Une autre étude examine les conséquences de la mise en place d’un prix du carbone en Chine (dans la ligne des scénarios fournis par le Réseau pour le verdissement du système financier – Network for Greening the Financial System – NGFS) sur l’Indonésie, un marché émergent qui entretient des liens commerciaux étroits avec l’économie chinoise. Les auteurs concluent qu’une élimination progressive du charbon en Chine, en réduisant la demande de charbon indonésien, aurait des conséquences négatives sur la balance des paiements de l’Indonésie, sur sa situation budgétaire et sur sa dette publique, en raison de l’échouement des actifs du secteur minier, qui joue un rôle déterminant dans l’économie du pays.

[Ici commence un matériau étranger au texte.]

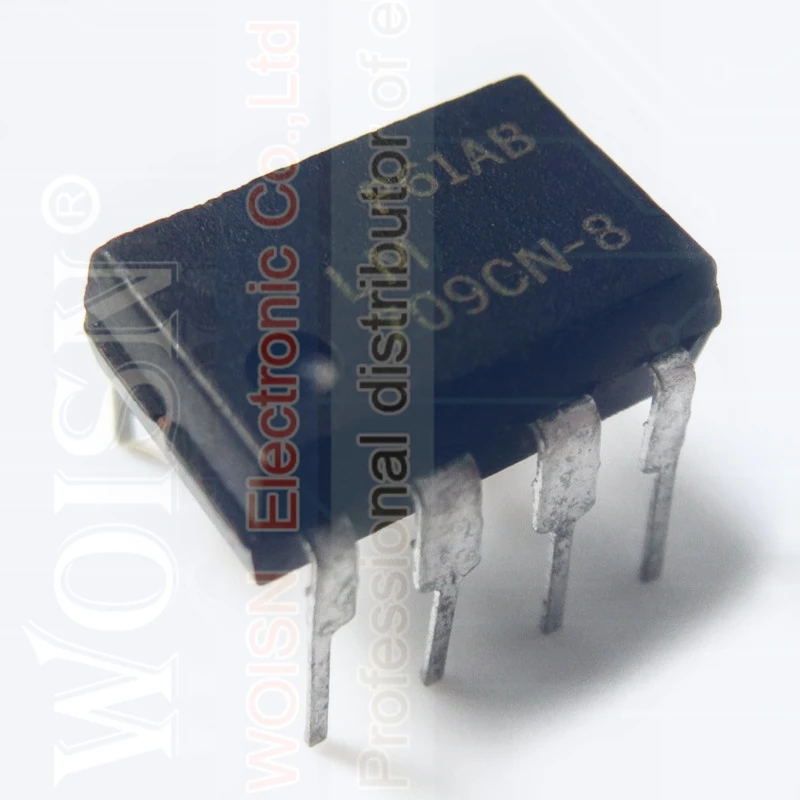 QFP-48 61P805 WT61P805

Ces résultats ne sauraient justifier l’inaction climatique. Mais ils soulignent la nécessité d’une coordination internationale renforcée. L’adaptation aux changements climatiques et l’atténuation de leurs effets doivent être entreprises de façon cohérente avec le maintien de la stabilité financière, la réalisation des objectifs du développement durable et la promotion de l’équité aussi bien à l’intérieur des frontières nationales qu’entre les pays.

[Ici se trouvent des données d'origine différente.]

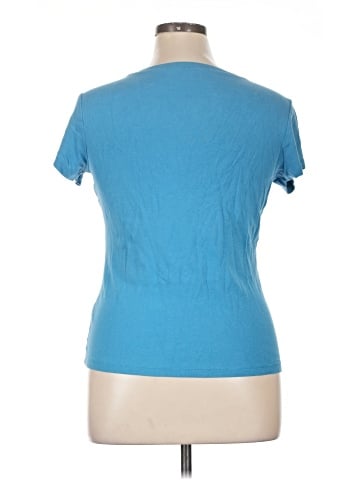 Caslon Short Sleeve T-Shirt (view 2)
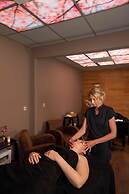 The Originals City, Relax'Otel, Le Barcarès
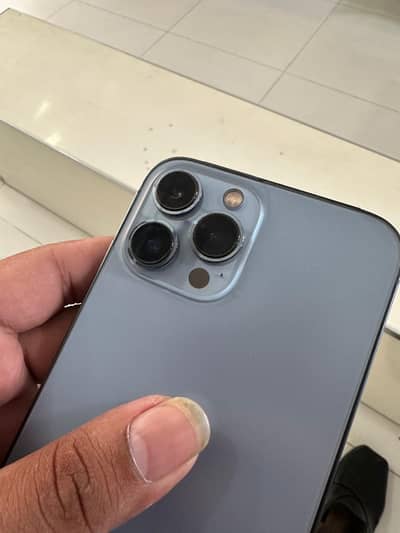 Apple iPhone 13 Pro Max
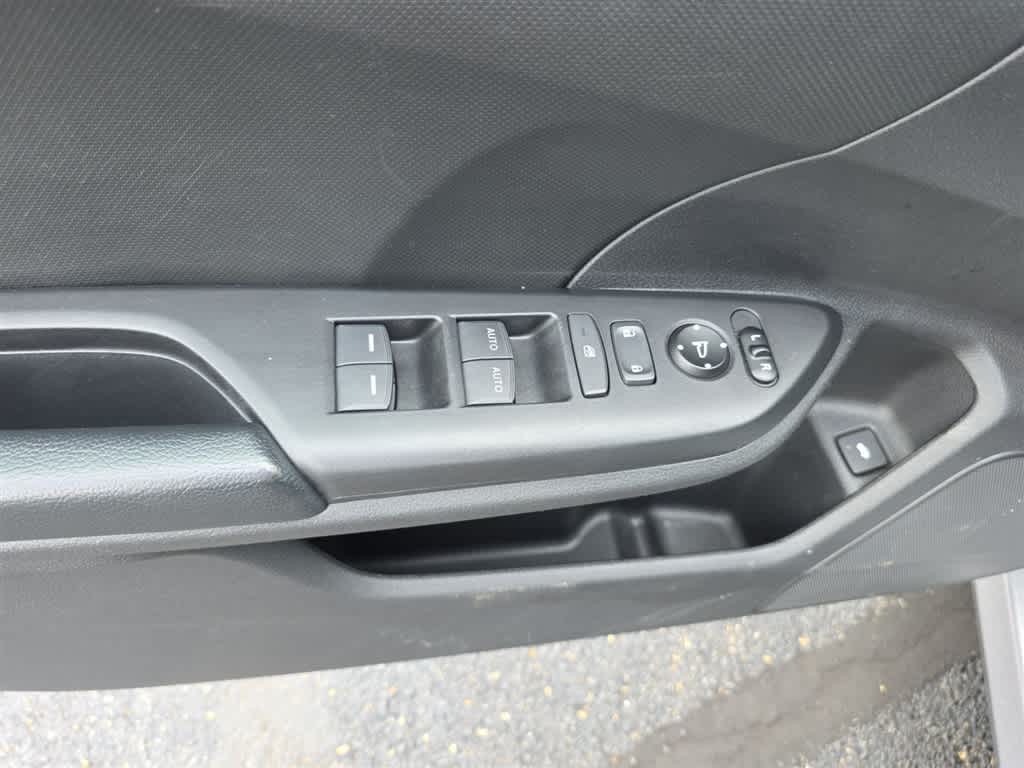 2020 Honda Civic Sedan Sport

Le FMI est la seule institution multilatérale mondiale, fondée sur des règles, chargée de maintenir la stabilité financière ; à ce titre, il devrait prendre la tête des efforts de gestion des risques liés aux répercussions de la transition. Dans l’exercice de ses fonctions mondiales et bilatérales de surveillance, il devrait aider les États membres à identifier les facteurs de risque à court et à long terme. Et le FMI devrait travailler en tandem avec la Banque mondiale et d’autres institutions financières du développement pour aider les pays à mobiliser les ressources domestiques nécessaires à la décarbonation de leur économie tout en maintenant leur stabilité budgétaire et financière.

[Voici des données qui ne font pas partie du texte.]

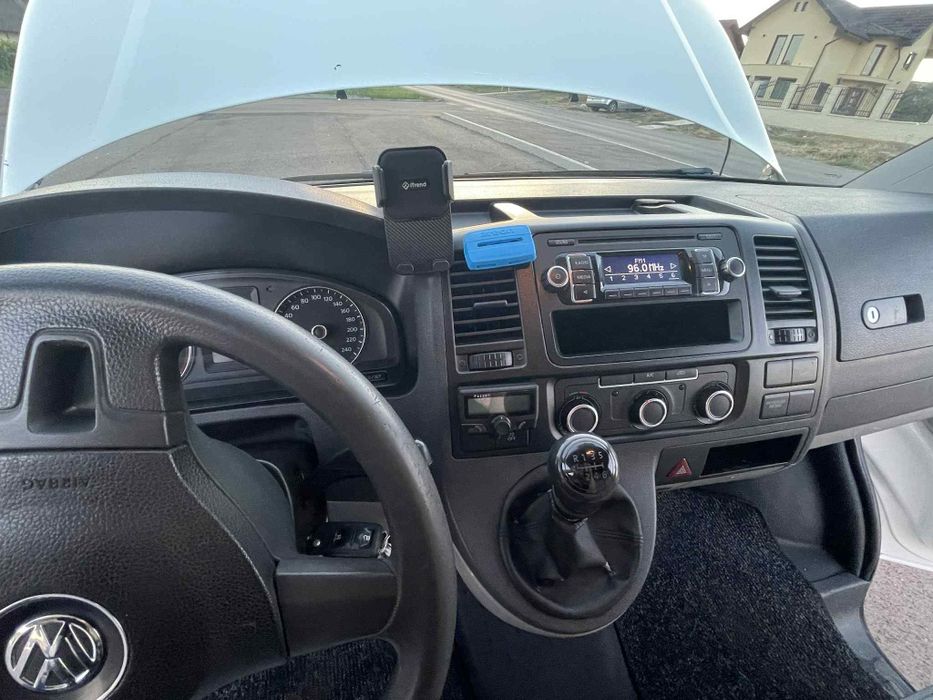 VW Transporter T5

Même alors, certains pays souffriraient des conséquences non souhaitées. Dans ces cas-là, le FMI devrait éviter de poser des conditions onéreuses à ses programmes de financement, puisqu’il a été démontré que ces dispositions aggravaient la pauvreté, creusaient les inégalités et entravaient la croissance dans le long terme. Il serait donc préférable de s’appuyer sur de nouveaux mécanismes comme le fonds pour la résilience et la stabilité, qui pourrait fournir des financements de court terme (sans conditions onéreuses et à des taux concessionnels), afin de répondre aux difficultés posées à la balance des paiements et au maintien de la liquidité par les risques liés aux répercussions de la transition. Le cas échéant, un « fonds de décarbonation équitable » financé par les recettes du MACF et les taxes carbone intérieures pourrait aussi être utilisé pour aider à la décarbonation des pays producteurs de sources fossiles de carburants et de combustibles.
L’action menée au cours de cette décennie sera déterminante dans la lutte contre les changements climatiques. La stabilité économique, la croissance et le bien-être de l’humanité pourraient fort bien dépendre, à l’avenir, du rôle que le FMI acceptera de jouer en tant qu’instance de coordination mondiale de la politique climatique.